Records supplied >>
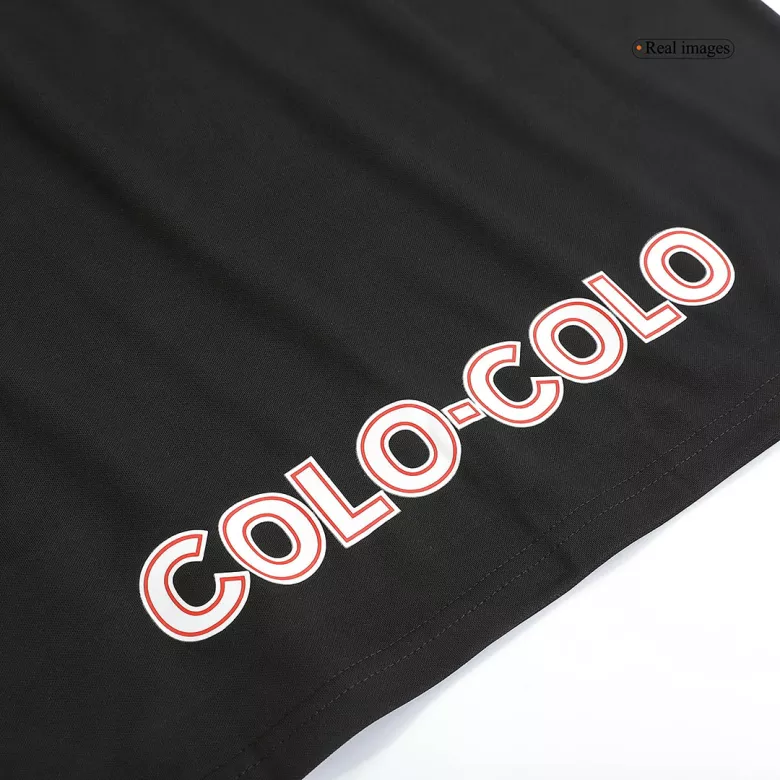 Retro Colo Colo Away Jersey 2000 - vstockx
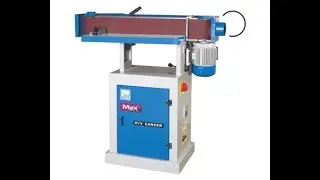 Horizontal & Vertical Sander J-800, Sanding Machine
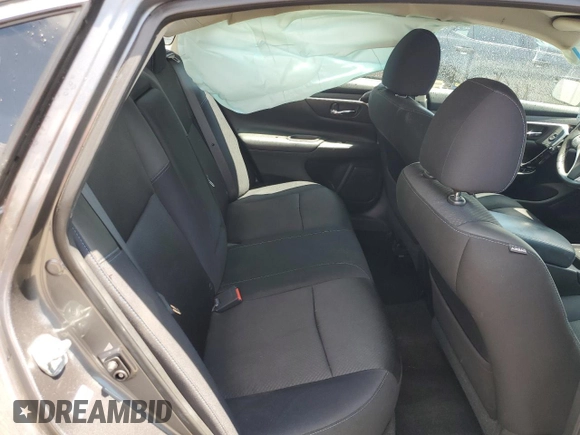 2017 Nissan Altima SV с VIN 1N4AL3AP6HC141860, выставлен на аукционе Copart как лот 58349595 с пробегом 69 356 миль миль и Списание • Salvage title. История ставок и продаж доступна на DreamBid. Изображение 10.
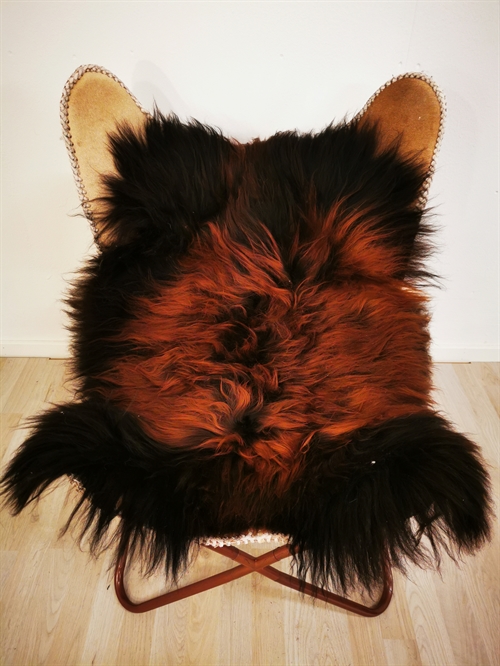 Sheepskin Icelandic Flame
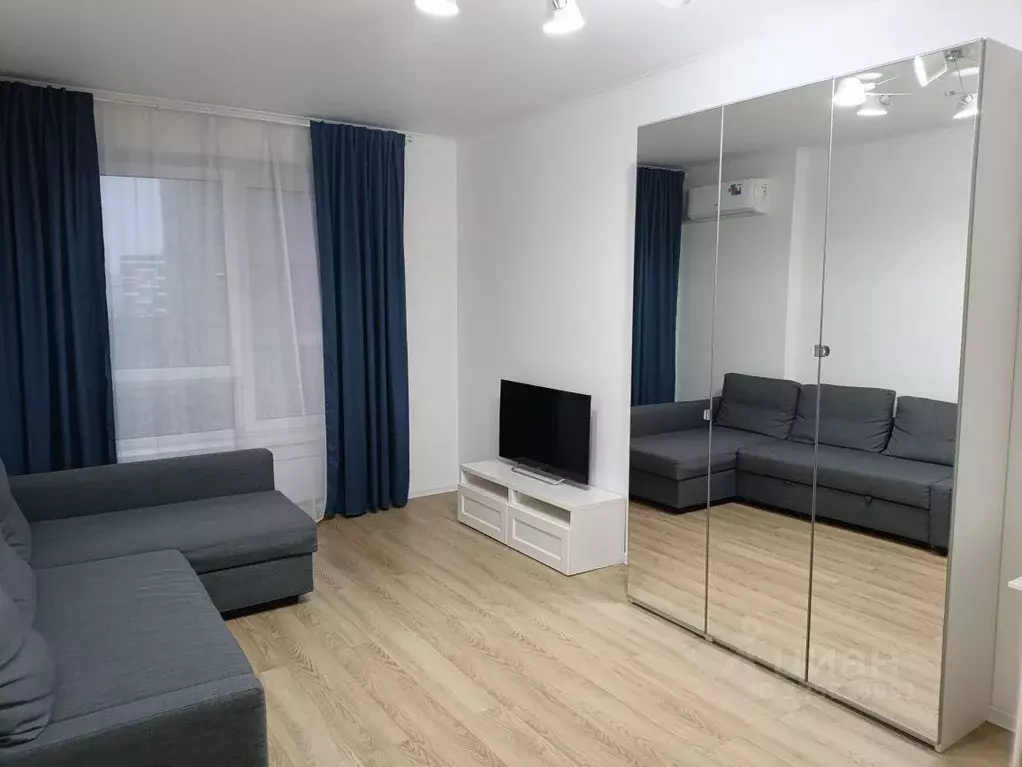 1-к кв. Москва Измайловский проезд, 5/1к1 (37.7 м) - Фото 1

...

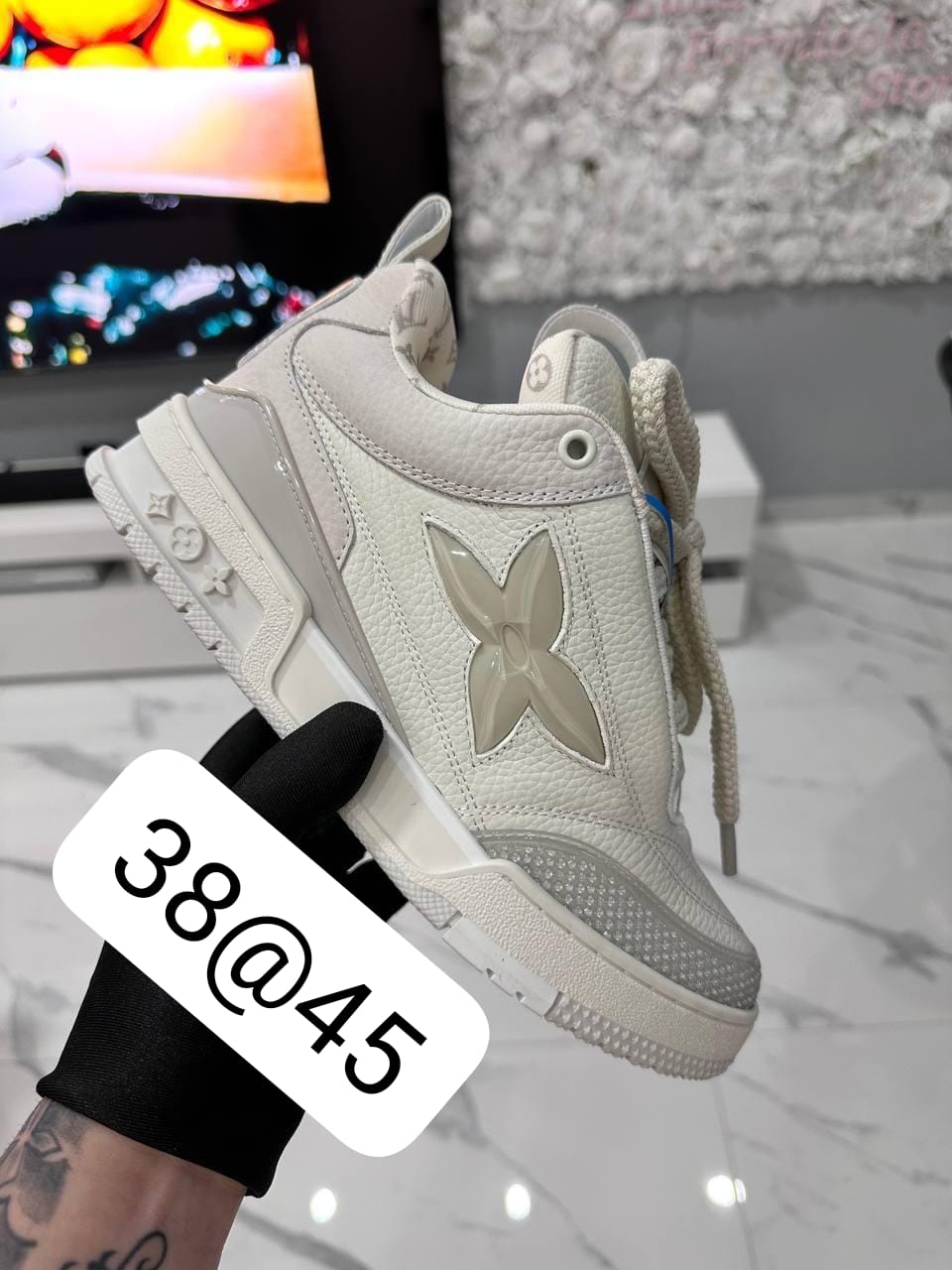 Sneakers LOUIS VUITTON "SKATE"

---

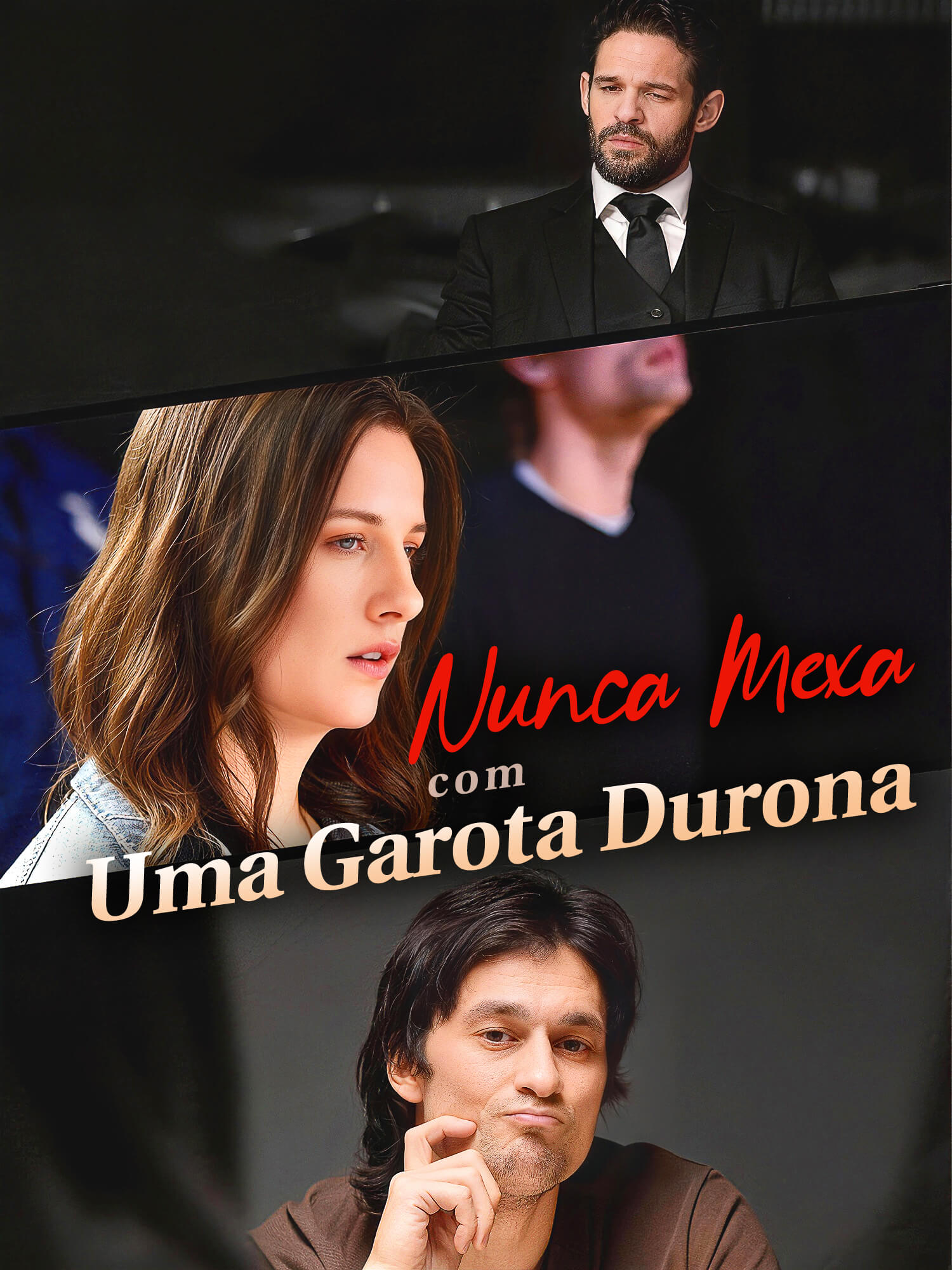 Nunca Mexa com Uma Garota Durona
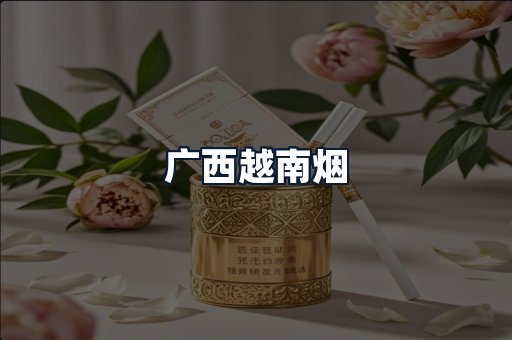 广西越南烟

Task to carry out >> Copy out exactly the material that runs from the line with "Retro Colo Colo Away Jersey 2000 - vstockx" to the line with "1-к кв. Москва", ends included, and leave the pictures behind.

Answer space >>
 Retro Colo Colo Away Jersey 2000 - vstockx
 Horizontal & Vertical Sander J-800, Sanding Machine
 2017 Nissan Altima SV с VIN 1N4AL3AP6HC141860, выставлен на аукционе Copart как лот 58349595 с пробегом 69 356 миль миль и Списание • Salvage title. История ставок и продаж доступна на DreamBid. Изображение 10.
 Sheepskin Icelandic Flame
 1-к кв. Москва Измайловский проезд, 5/1к1 (37.7 м) - Фото 1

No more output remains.